Ю.М. хорошо понимал, как и чем раздражает своих недругов, но не сдавался.
Осенью 1972 года Ю.М. заболел инфекционной желтухой, о чем коротко сообщил мне открыткой по почте. И опять: полная неизвестность, слухи о том, что он чуть ли не умирает, мои звонки его сестре Виктории Михайловне в Ленинград, доставание какого-то экспериментального лекарства, по ее просьбе и по настоянию тартуских врачей (лекарство так и не было ими применено) – и наконец спасшая меня от страхов поездка моей дочери Марины в Тарту[22]. В декабре того же года удалось поехать в командировку в Таллин и Вильнюс. Провела в Таллине три очень насыщенных работой дня. Но в шикарной по тем временам гостинице «Выру» особенно чувствовала свое одиночество. Ведь Ю. был совсем рядом, и невозможность видеть его была тяжела. Он сумел встретиться со мной на вокзале в Тарту – уже вышел из больницы, но был все еще очень слаб, – мы провели два часа в каком-то кафе у моста над Айамыгой. Я видела его мельком уже на обратном пути в Литву. Поезд должен был стоять в Тарту пять минут, но опоздал, отпустив нам вместо пяти минут всего две. Тяжела мне была эта встреча-расставание…

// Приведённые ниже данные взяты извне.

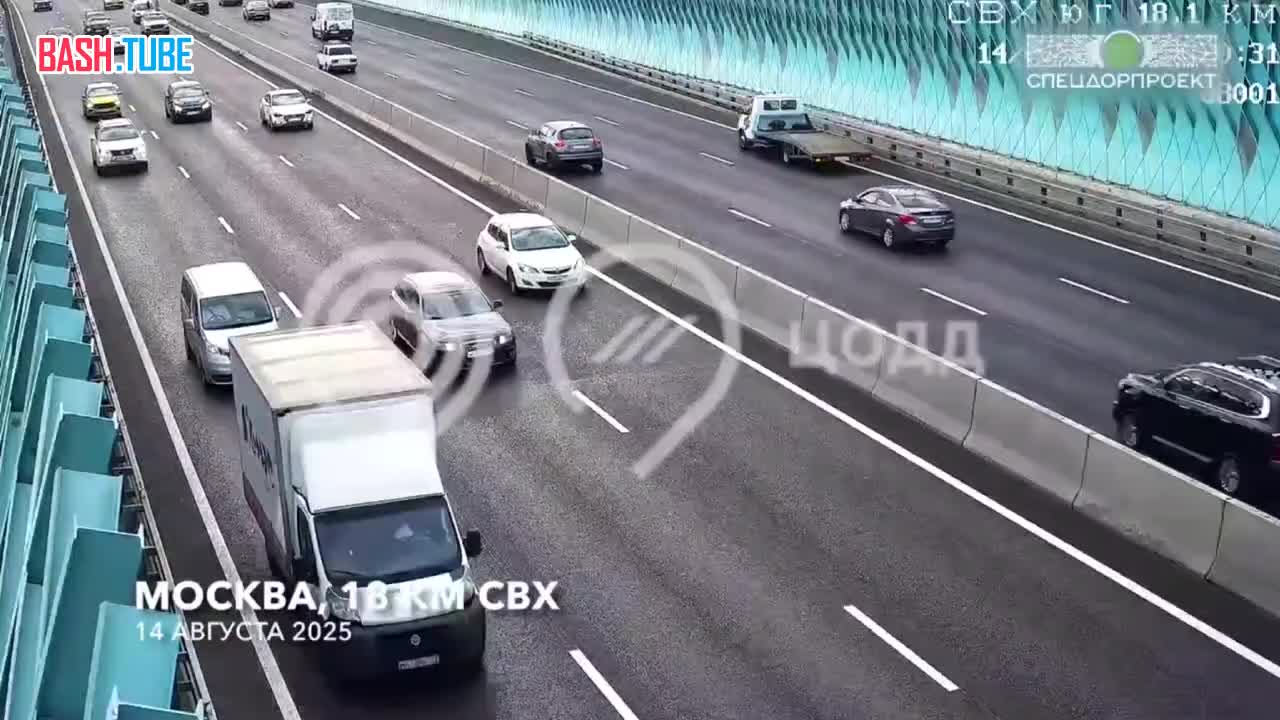  Столичный мотоциклист перевозил по СВХ большую сумму пятитысячными купюрами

Большая любовь редко в жизни встречается, и нам многие завидовали. А мы делали вид, что легко принимаем сложившуюся у каждого из нас ситуацию. Однако в нашем возрасте и при наших обстоятельствах двойная жизнь не могла быть легкой. Уже года через три стало очевидно тяжкое бремя, которое мы на себя взвалили. Наше сближение обращало наши жизни дома в тяжкое мучение: уж очень труден бывал переход… Этим полны мои дневниковые записи 1971–72 годов. Говорил об этом и Ю.М.: «Наказан дома страшно – одиночеством». А о тех, кто нам завидовал, сказал как-то: «Крестную муку нашу они не видят, да и вряд ли бы согласились нести ее».